The following are excerpts from Jennifer Rudder's catalogue essay, "Crime and Punishment," for the exhibition of the same name at the Agnes Etherington Art Centre (20 March - 6 June, 1999), Queen's University, Kingston, Ontario, Canada.

Catalogue available through Art Books Canada


The paintings in this exhibition by Vancouver artist Angela Grossman were inspired by a collection of rap sheets with mug shots that the artist found through a dealer of pritned ephemera. Taken from the files of the B.C. Penitentiary in New Westminster at its closure, the source photographs are of petty criminals from the late 1930s and '40s, some guilty of no more than stealing a letter from the post office.

Amenable to Discipline (mixed media, 1998, 134.6 x 94 cm)

Grossman sees the men as victims of circumstances, society's losers, scapegoats even, and feels a tremendous empathy and generosity towards them.

Rap Sheet, British Columbia Penitentiary

Grossman's artistic process is multi-generational, involving at least two or three and up to ten levels of intervention. The original 2" x 2" mug shots of head and shoulders is painted, rephotographed, re-painted, etc., blown up to as large as 5' x 4' and transferred to canvas or found fabric for more work.

Fraud (mixed media, 1997, 172.7 x 96.5 cm)

In this process, Grossman strips the subject of his specific identity, the prison, and the crime as she works to disguise them and protect their family privacy. Then she takes the image of the convict's face, and gives him a body; completes him. She sometime renders the convicts as naked, adding to their vulnerability.
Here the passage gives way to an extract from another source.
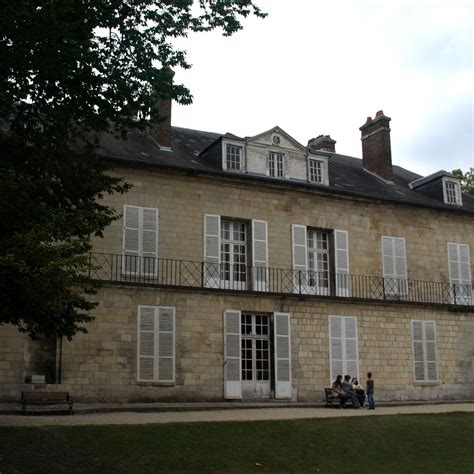 Le Musée Antoine Vivenel (Compiegne City) - All You Need to Know BEFORE ...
"Response to the work of Angela Grossman," by Valerie Raoul, Director for Research in Women's Studies and Gender Relations, Professor of French, University of British Columbia (April 5, 2000):

The term [Correction(s): 'Habeus Corupus'] seems particularly appropriate for this series, based on found photos of convicts held in the BC Penitentiary at New Westminster in the 1930s and 40s. The original photos are associated with incarceration, the loss of control of one's body; also with depersonalization, becoming a number, a case, an illustration of a physical criminal type. The identification document accompanying them (included in the catalogue) purports to be objective, scientific, impersonal. Yet it reveals the prejudices of the period regarding class and race, and unconscious, culturally determined moral judgements. The original photos are portraits of head and shoulders, full-face and in profile. The head is seen as a synecdoche for the whole body, its appearance as sufficient explanation of the individual's behavior. An identity is imposed from outside, with no relationship to the person inside that body. The face is observed and recorded, it doesn't appear to look back. These men are framed. They are also discarded, abject, refuse(d), like their photos.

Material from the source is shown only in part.